I Love a Rainy Night . . .

I'm sitting at my lovely new "office," looking out my window that looks so much larger without a turtle tank in front of it, and watching the rain.

I love rain.

I love gentle, soaking rains that seep into thirsty fields.  I love pounding, driving rains accompanied by ground-shaking thunder and blinding lightning.  I love warm, misty rains you can walk in, your face upraised, knowing God is kissing you.  I love icy cold rains that you run from, hunkered down, as fast as you can until you reach a cozy kitchen and a mug of hot chocolate.

I'm not sure why rain has such a hold over me.  Perhaps it's from growing up on a farm where rain was life and the lack of it was, at worst, financial disaster and at best day upon day of lugging irrigation pipes 30-feet-long and six inches around, one on each shoulder across burning cornfields.

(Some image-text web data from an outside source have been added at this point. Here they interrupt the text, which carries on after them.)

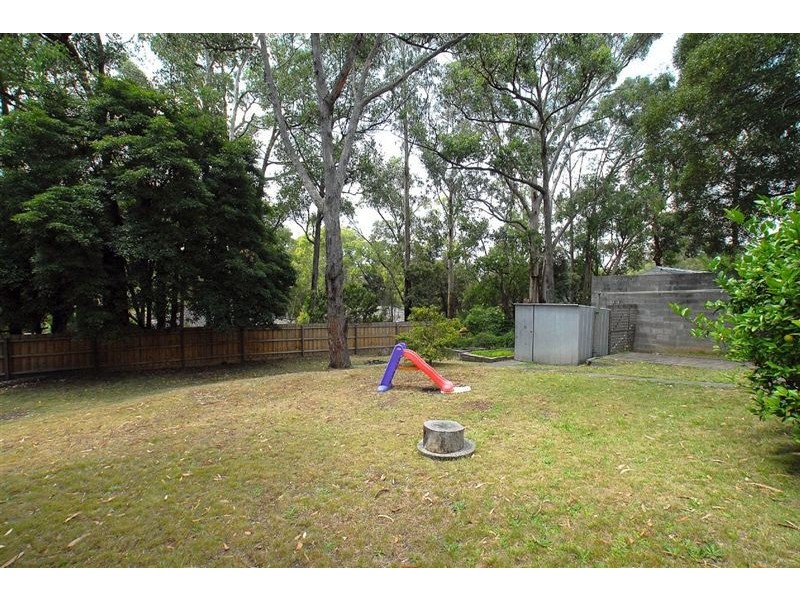 3 Palmer Street, Upwey VIC 3158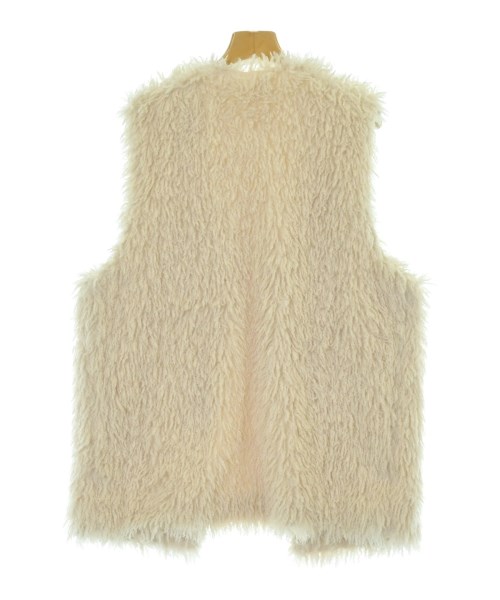 PAGE BOY（ページボーイ）その他 白 サイズ:F レディース/2200663093106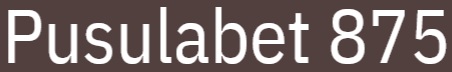 Pusulabet 875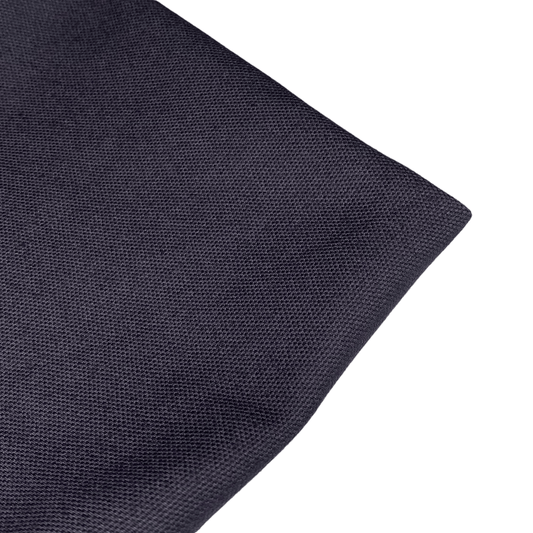 Cotton Duck Canvas - 10oz - Slate Grey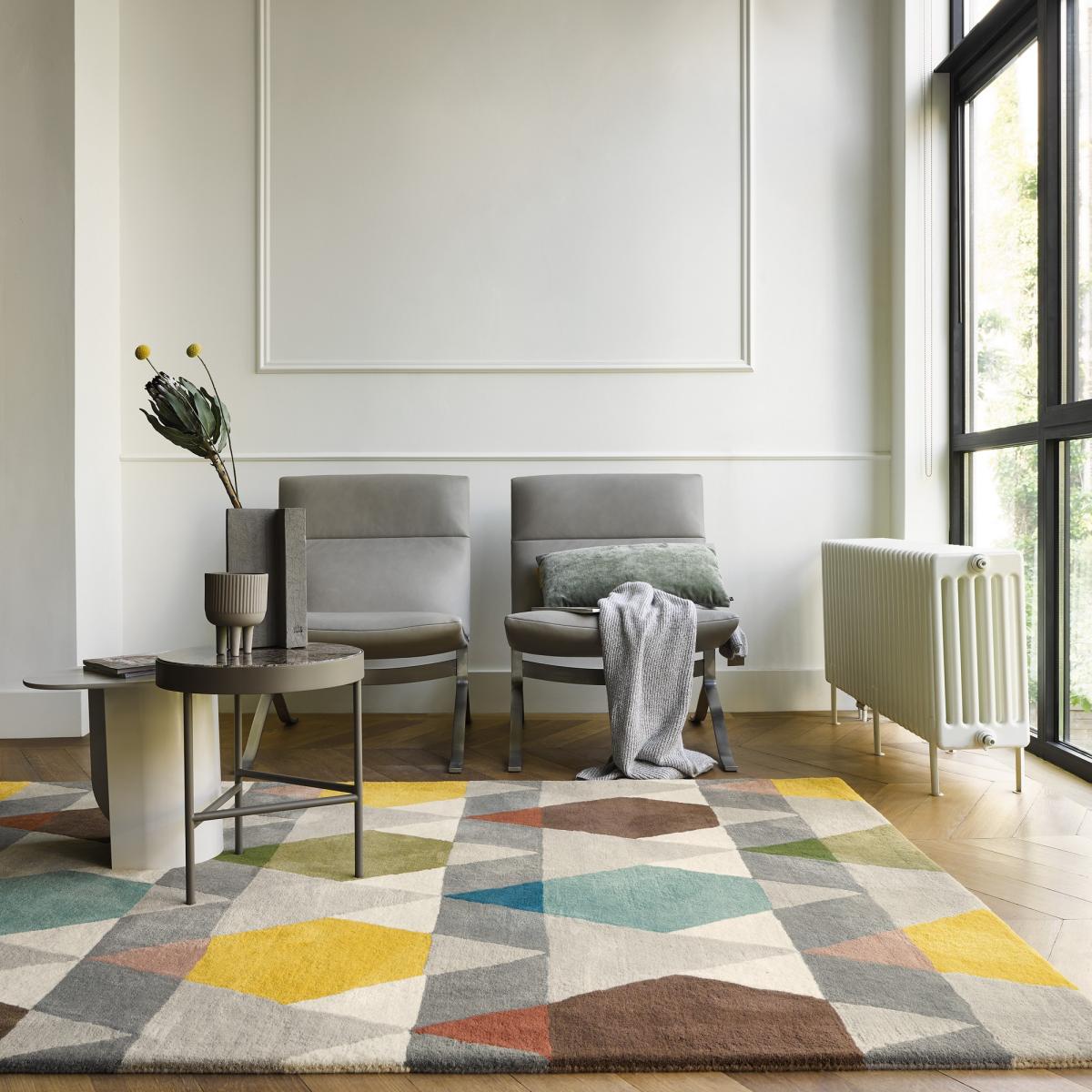 Estella Vases 89502 Rugs by Brink & Campman – image 1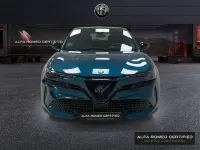 Usado Alfa Romeo Junior 136 CV (100 kW) 2025 Azul SUV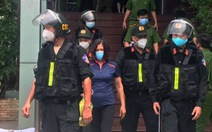Vụ 2,7 triệu lít xăng giả: Khởi tố bị can, bắt tạm giam giám đốc Công ty TNHH Hà Lộc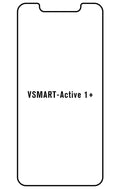 Film hydrogel Vsmart Active1+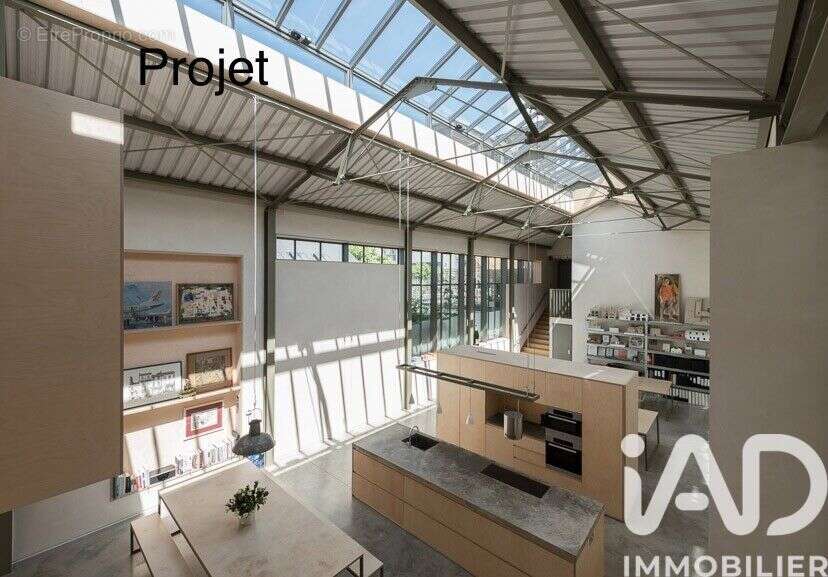 Photo 3 - Terrain à CAMON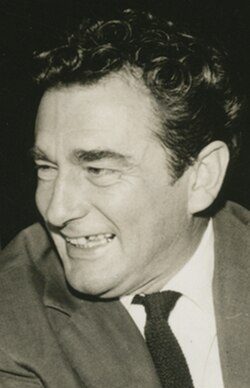 Marcel Camus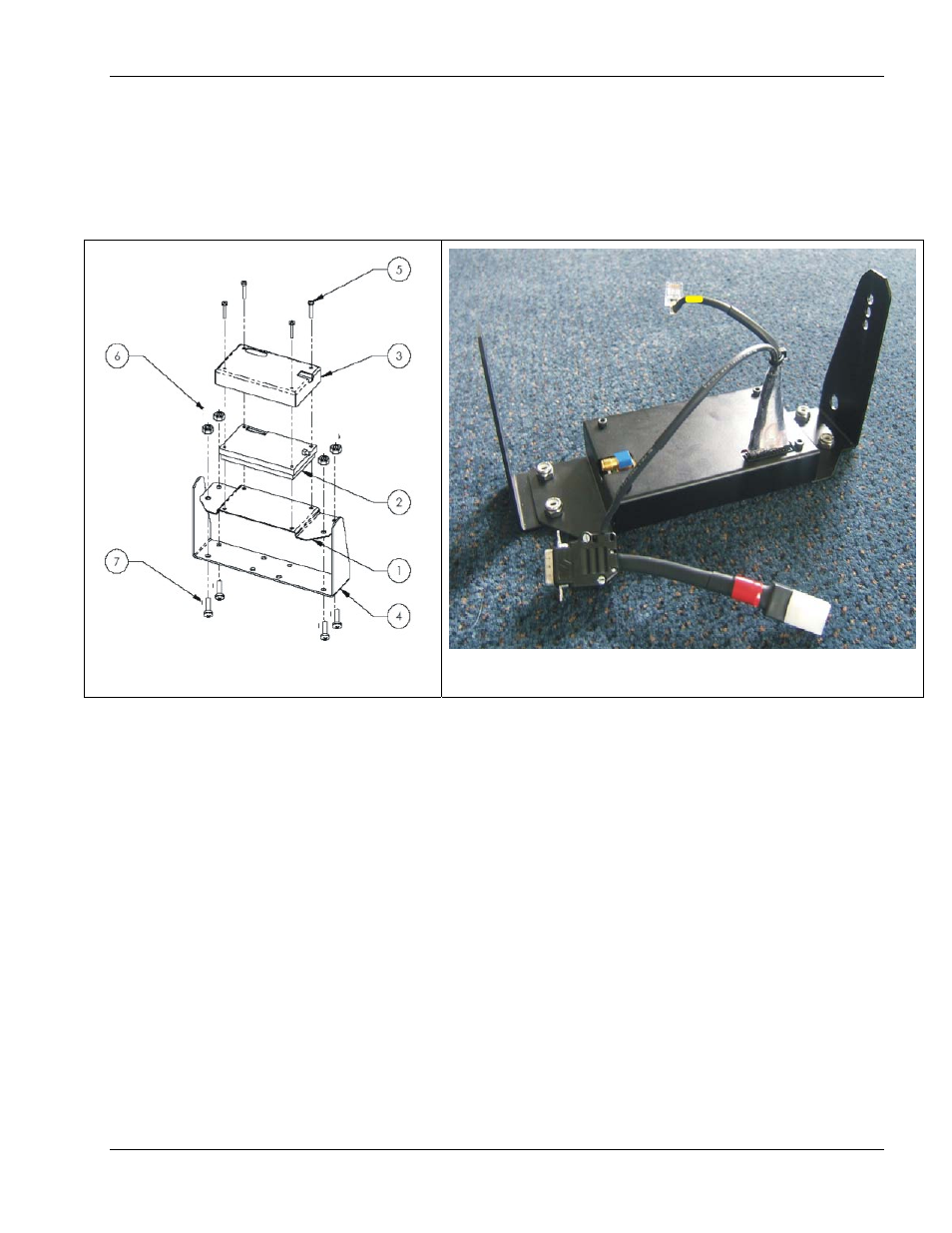 Network Computing Devices Iridium/GPS Terminal D3000 User Manual | Page 10 / 18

After that, the threat of "drought" never leaves you.  And the relief from drought never fails to energize you.  I can remember dancing in drought-breaking rains as a kid . . . with the grown-ups standing just inside the open barn doors, close enough to feel the spray, doing nothing but watching the drops and relishing the coolness in the air.

Maybe I also like the rain because, let's face it, too much sunshine can get to be just plain too much.  Think desert.  And when your soul is tired and grieving, it's nice to have the weather cooperate as if you were the heroine in a Charlotte BrontĂ« novel.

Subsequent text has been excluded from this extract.